D-Day was 62 days ago, my wife has a birthday coming up this week and I have no plans what so ever to recognize it or indulge her birthday in any way. My feelings are just not there.

Too harsh?


----------



## Soccerfan73 (Jul 30, 2011)

You aren't obligated to do anything in this situation, in my opinion of course.


----------



## HappyWife40 (Aug 23, 2011)

If you had children with her I would say help them get her a gift. Since you do not, then absolutely nothing is required of you.

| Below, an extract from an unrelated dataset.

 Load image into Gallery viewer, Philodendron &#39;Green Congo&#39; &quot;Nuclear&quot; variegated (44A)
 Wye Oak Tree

Just my opinion, of course.


----------



## DanF (Sep 27, 2010)

Are you two trying to reconcile or is it over?
If you are working on reconciliation, I would show faith and get her a nice gift and take her out.
If the Marriage is over, I would just ignore the whole thing.
Don't be petty and try to ruin it, that will backfire. Ignoring her on her special day will be message enough.


----------



## jnj express (Mar 28, 2011)

Hey CJ---I know the perfect gift for her---A Chastity Belt


----------



## CH (May 18, 2010)

jnj express said:


> Hey CJ---I know the perfect gift for her---A Chastity Belt


You made me spit out my food all over my monitor, lol.


----------



## cj9947 (Jul 9, 2011)

jnj express said:


> Hey CJ---I know the perfect gift for her---A Chastity Belt


LOL...that would have only cut her dalliances in half...

Thanks to all for your feedback. I will not be doing anything for her birthday. I just do not care about it.


----------